The tools you need for your home office ultimately depend on your job and responsibilities.

  • Stable internet – Poor internet connectivity could impact how you’re viewed professionally. The better your internet, the less likely you are to experience connectivity issues, email or messaging delays, and dropped voice and video calls.
  • VPN – A VPN allows you to establish a secure connection with a remote network, such as a business network, from anywhere in the world – better protecting you if you’re working from an unprotected public network or transferring sensitive company information.
  • Headphones – Good headphones are necessary for a few reasons. Not only do they help avoid echoes which occasionally occur during voice chats, but they block distracting noise in the case you’ve got roommates or are working from someplace other than your home.
  • Real-time communication and collaborationAn enterprise communication and collaboration solution connects your home office, ensuring you remain in the know, productive, and secure. Real-time messaging and collaboration tools keep discussion consistent and free-flowing while enabling dynamic and meaningful teamwork. Comprehensive administrative features and enterprise-grade security – 256-bit data encryption, peer-to-peer channels, and anti-virus and malware integration – on the other hand, both focus and safeguard communication.
  • Productivity boosters – From project management, task automation, mobile team chat, and even your to-do list, productivity apps help you get more done with less effort, wherever you’re working from.

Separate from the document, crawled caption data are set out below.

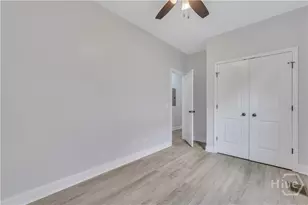 1112 E Waldburg St, Savannah, GA 31404 - Photo 16
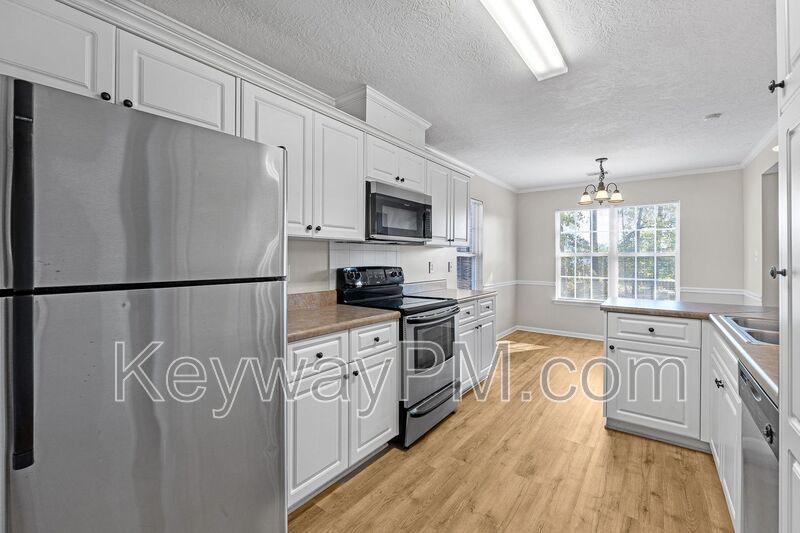 2654 Ardwick Drive - South Hampton property image
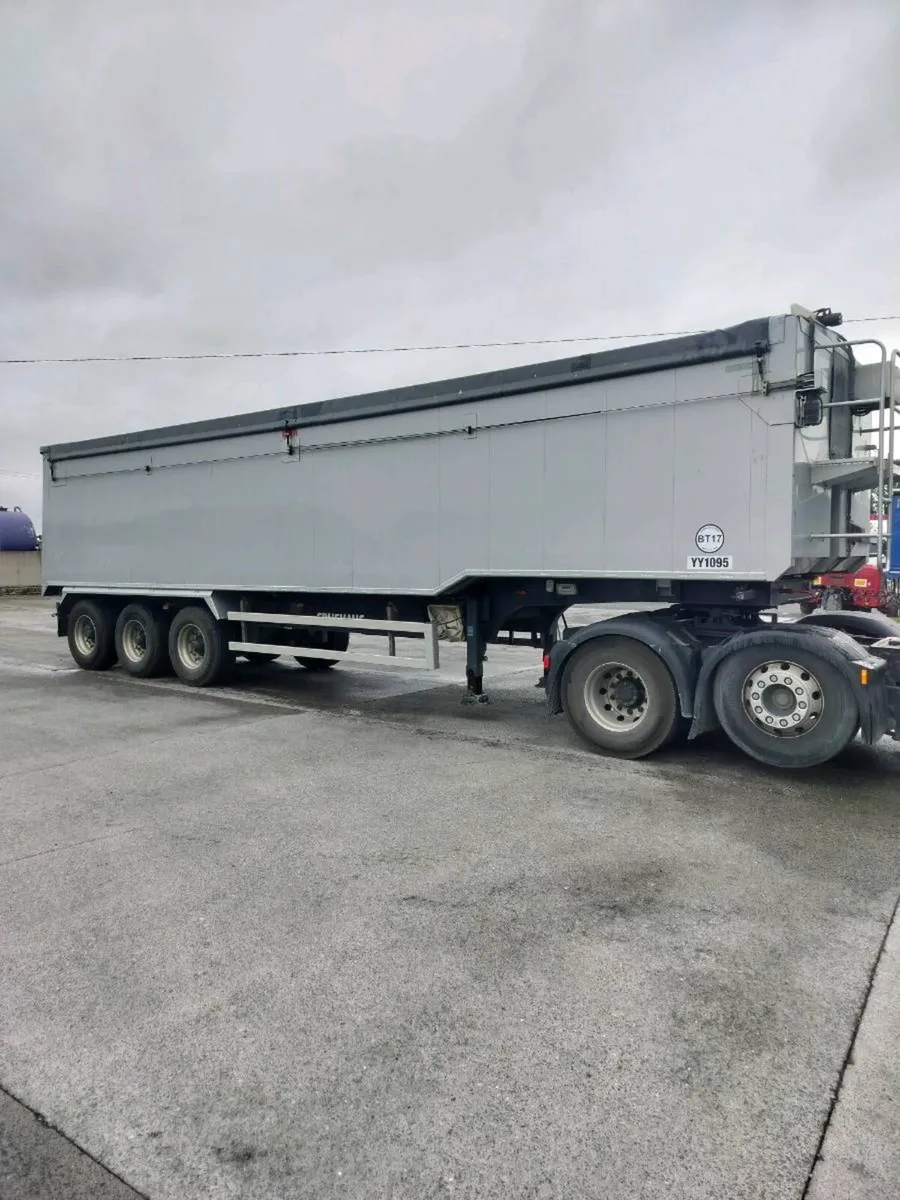2018 Fruehauf Bulk Tipping Trailer - Image 1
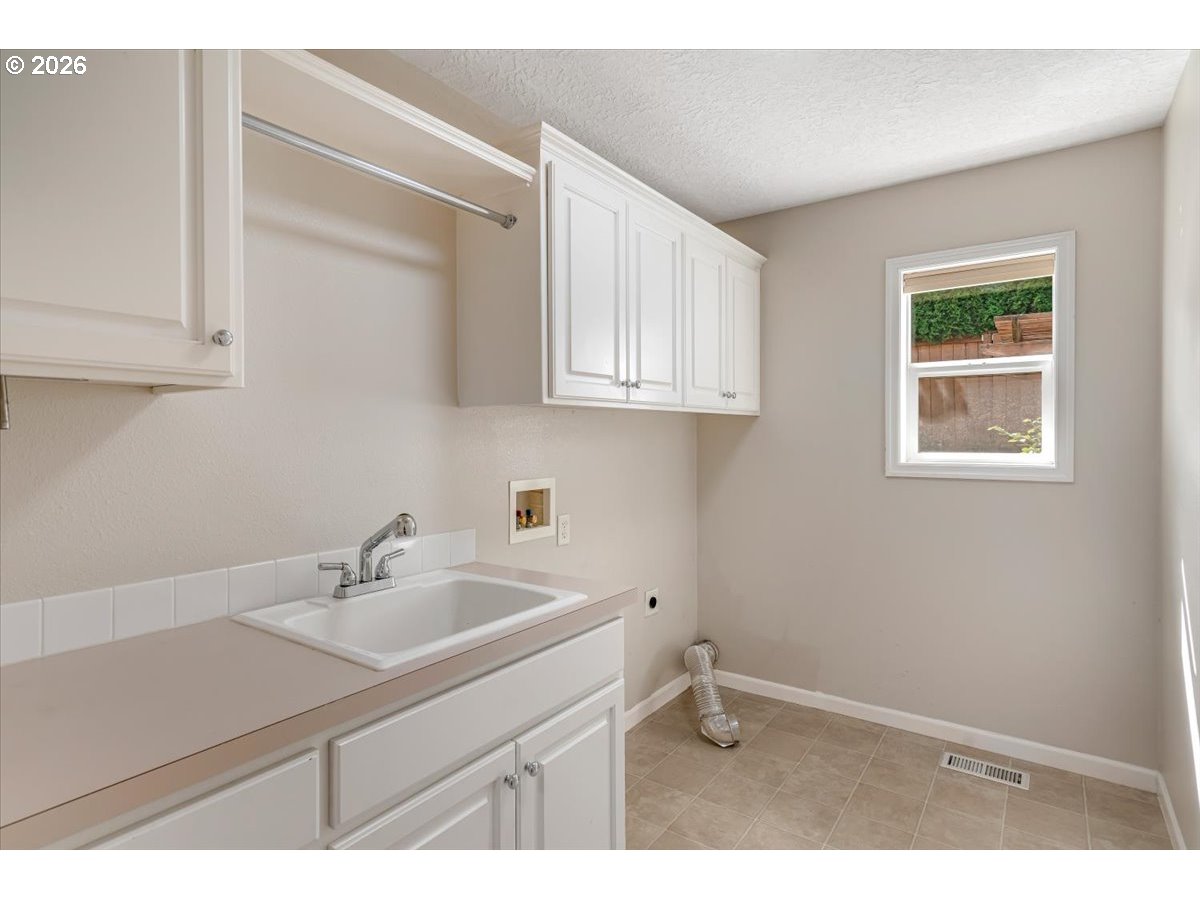 1412 Crestview Dr Property Photo 33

Don’t Be Afraid to Mix It Up

Don’t Be Afraid to Mix It Up

Remember those days at the office when you dreamed of working from home? Eventually, though, the charm wears off and the home office brings about similar feelings of monotony.

Don’t be afraid to switch up your environment from time to time. Once or twice per week, on Fridays for instance, you could choose a new spot to work from – like a cafe, the library, or one of the popular co-working sites springing up in cities all over.

What’s more, you could choose a different spot for each task on your to-do list and, upon finishing a task, simply walk or bike to the next location; helping you gain not only a fresh perspective, but the added bonus of physical activity.

The Final Word

Working remotely is a major adjustment on many levels. Creating the ideal home office is no exception. With some careful preparation and strategic habits, your home office can suit your job and your personality – ensuring it’s not only a productive place to work, but a pleasant one, too.